Le président ayant lui-même indiqué qu’il faudrait temporiser sur certaines mesures face à cette crise brutale et profonde, les soupçons de « détricotage » se sont accentués. Inquiets, les membres de la CCC avaient publiquement interpellé le président sur le manque d' »ambition générale » et de « soutien clair » de l’exécutif.
Et mi-novembre, un des premiers promoteurs et « garant » de la Convention, le réalisateur Cyril Dion, a lancé une pétition en ligne pour « sauver la CCC », qui a dépassé les 415.000 signatures.
Certaines déclarations du chef de l’Etat n’ont pas aidé, comme la comparaison ironique avec un « retour à la lampe à huile » de la proposition de la CCC d’un moratoire sur le déploiement de la 5G. Ou quand il s’est emporté en lançant: « Je ne veux pas dire que parce que les 150 citoyens ont écrit un truc, c’est la Bible ou le Coran ».
Les inquiétudes n’ont pas été apaisées par une série de réunions la semaine dernière pour présenter les orientations gouvernementales sur la loi climat aux citoyens et à des députés.
« Beaucoup de nos mesures sont présentes, mais un peu rabotées, c’est mi-figue mi-raisin.
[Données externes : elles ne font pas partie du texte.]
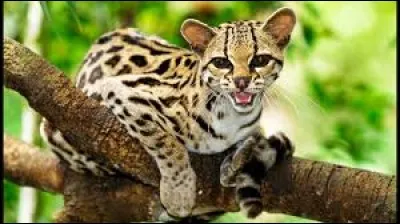What is the name of this animal ?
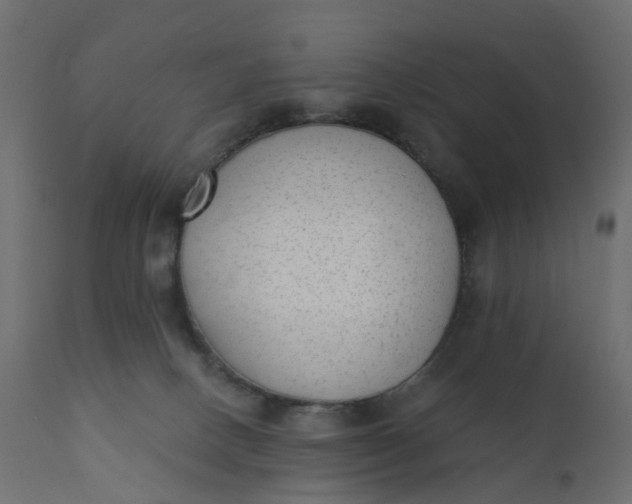 X0000110720082200906261505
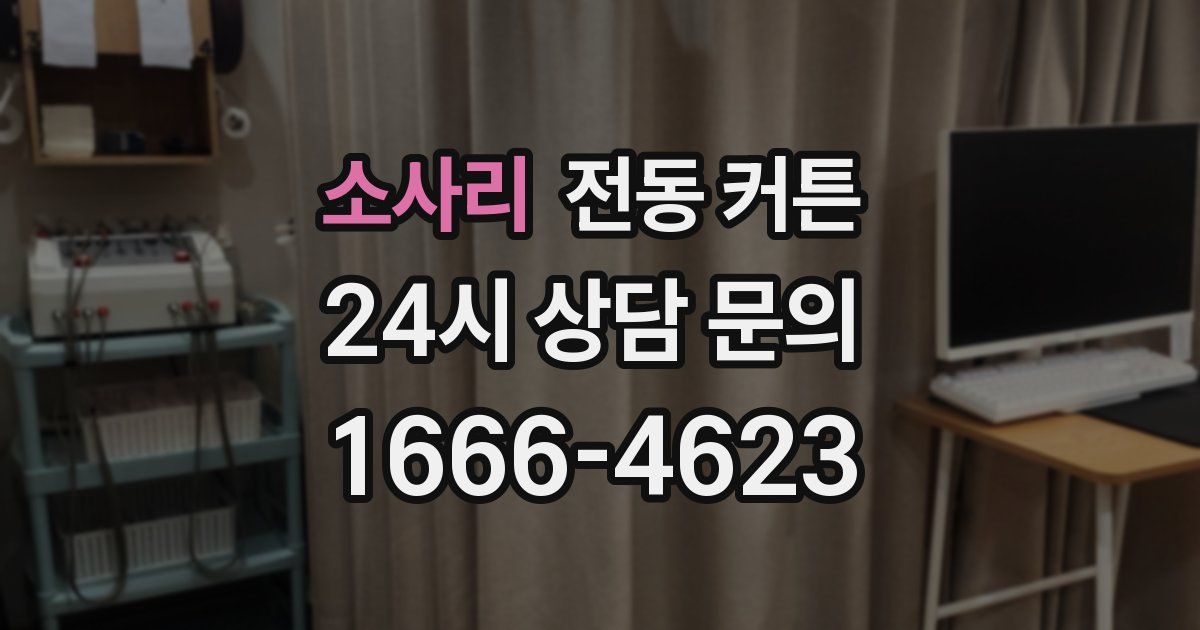 소사리 전동 커튼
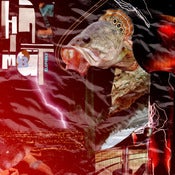 Image of elsphinx - HAZMAT CD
On a pas mal de questions à lui (Emmanuel Macron) poser », souligne Grégoire Fraty, coprésident de l’association « Les 150 », qui rassemble la majorité des participants.
Les membres de la CCC, tirés au sort, ont travaillé pendant neuf mois pour présenter 149 propositions visant à réduire les émissions de gaz à effet de serre de la France de 40%, « dans un esprit de justice sociale ».
Ni le « comité de gouvernance » de la CCC, ni les « garants » ne seront présents à la réunion de lundi. La rencontre, à l’initiative de l’Elysée, n’entre en effet pas dans le processus prévu de la convention, qui tiendra une dernière session après la traduction de ses mesures, pour évaluer la réponse concrète de l’exécutif.
Des mesures d’autant plus importantes que la France ne tient déjà pas ses engagements de réduction d’émissions de gaz à effet de serre, alors même que l’Union européenne vient d’en adopter de plus strictes à l’occasion du cinquième anniversaire de l’accord de Paris.
« Il nous faut aller encore beaucoup plus loin », reconnaissait jeudi Barbara Pompili, ministre de la Transition écologique.
L’eurodéputé EELV Yannick Jadot a considéré dimanche que le quinquennat était « perdu pour le climat », et le leader de LFI Jean-Luc Mélenchon a reproché au gouvernement de « continuellement botter en touche ».